(Records contained in a dataset)
◇ ◇ ◇
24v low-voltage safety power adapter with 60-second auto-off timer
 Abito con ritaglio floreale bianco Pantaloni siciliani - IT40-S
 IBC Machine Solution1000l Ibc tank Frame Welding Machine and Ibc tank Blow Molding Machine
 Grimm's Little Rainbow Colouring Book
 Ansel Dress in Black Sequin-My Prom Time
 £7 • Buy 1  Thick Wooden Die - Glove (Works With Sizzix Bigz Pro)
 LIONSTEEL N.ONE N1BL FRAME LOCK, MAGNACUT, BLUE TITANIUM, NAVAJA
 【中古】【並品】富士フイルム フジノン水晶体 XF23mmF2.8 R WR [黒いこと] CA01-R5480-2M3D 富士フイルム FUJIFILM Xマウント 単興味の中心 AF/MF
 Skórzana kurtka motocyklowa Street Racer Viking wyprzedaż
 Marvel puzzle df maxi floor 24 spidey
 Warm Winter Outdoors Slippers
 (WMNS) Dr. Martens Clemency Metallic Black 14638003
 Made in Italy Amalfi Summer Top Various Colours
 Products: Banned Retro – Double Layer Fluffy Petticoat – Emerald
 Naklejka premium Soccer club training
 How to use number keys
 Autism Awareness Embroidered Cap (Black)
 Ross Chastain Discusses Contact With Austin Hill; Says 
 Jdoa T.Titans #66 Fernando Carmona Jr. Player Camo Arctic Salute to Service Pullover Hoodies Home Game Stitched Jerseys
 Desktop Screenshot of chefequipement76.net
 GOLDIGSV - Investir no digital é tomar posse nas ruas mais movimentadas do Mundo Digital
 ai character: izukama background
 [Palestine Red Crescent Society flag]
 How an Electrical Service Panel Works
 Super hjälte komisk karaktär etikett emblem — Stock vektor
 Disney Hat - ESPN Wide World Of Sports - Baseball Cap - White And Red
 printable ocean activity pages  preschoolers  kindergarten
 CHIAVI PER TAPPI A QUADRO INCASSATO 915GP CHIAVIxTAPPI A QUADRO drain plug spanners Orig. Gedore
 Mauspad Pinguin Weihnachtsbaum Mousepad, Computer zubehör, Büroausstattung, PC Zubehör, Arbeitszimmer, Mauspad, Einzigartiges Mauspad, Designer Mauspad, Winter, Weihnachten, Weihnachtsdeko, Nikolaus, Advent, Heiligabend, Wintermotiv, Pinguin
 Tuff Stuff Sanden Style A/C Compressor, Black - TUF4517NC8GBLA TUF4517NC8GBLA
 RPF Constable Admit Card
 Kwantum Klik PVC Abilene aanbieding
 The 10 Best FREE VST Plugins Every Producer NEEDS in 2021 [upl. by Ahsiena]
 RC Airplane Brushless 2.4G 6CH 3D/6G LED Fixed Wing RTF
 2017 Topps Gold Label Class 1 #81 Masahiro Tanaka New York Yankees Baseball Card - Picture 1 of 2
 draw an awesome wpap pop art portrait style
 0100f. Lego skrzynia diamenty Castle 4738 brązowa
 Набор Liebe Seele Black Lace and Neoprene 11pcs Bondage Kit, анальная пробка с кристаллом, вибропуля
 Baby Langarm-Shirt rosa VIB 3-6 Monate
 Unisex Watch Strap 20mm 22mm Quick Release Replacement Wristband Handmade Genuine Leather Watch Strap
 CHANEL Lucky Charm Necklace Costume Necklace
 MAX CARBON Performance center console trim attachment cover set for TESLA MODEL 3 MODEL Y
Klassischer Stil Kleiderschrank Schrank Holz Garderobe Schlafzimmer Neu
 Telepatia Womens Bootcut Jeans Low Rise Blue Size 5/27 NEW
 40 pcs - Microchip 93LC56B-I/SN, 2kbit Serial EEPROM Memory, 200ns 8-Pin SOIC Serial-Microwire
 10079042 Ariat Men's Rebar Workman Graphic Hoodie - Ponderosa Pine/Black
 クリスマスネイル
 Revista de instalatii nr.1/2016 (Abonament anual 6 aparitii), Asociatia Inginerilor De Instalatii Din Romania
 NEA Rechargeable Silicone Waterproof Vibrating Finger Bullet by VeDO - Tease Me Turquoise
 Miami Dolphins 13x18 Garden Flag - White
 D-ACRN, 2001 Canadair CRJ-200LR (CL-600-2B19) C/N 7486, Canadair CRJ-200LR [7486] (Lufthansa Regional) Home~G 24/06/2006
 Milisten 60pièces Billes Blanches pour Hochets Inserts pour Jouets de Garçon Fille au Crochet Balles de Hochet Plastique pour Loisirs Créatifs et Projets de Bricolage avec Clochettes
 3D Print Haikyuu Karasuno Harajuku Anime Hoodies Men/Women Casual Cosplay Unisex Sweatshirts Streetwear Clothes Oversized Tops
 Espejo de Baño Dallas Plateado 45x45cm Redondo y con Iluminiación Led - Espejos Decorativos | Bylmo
◇ ◇ ◇
TASK PROMPT: Go through the data and show every line where "Winter" occurs.

ANSWER TO THE PROBLEM:
 Warm Winter Outdoors Slippers
 Mauspad Pinguin Weihnachtsbaum Mousepad, Computer zubehör, Büroausstattung, PC Zubehör, Arbeitszimmer, Mauspad, Einzigartiges Mauspad, Designer Mauspad, Winter, Weihnachten, Weihnachtsdeko, Nikolaus, Advent, Heiligabend, Wintermotiv, Pinguin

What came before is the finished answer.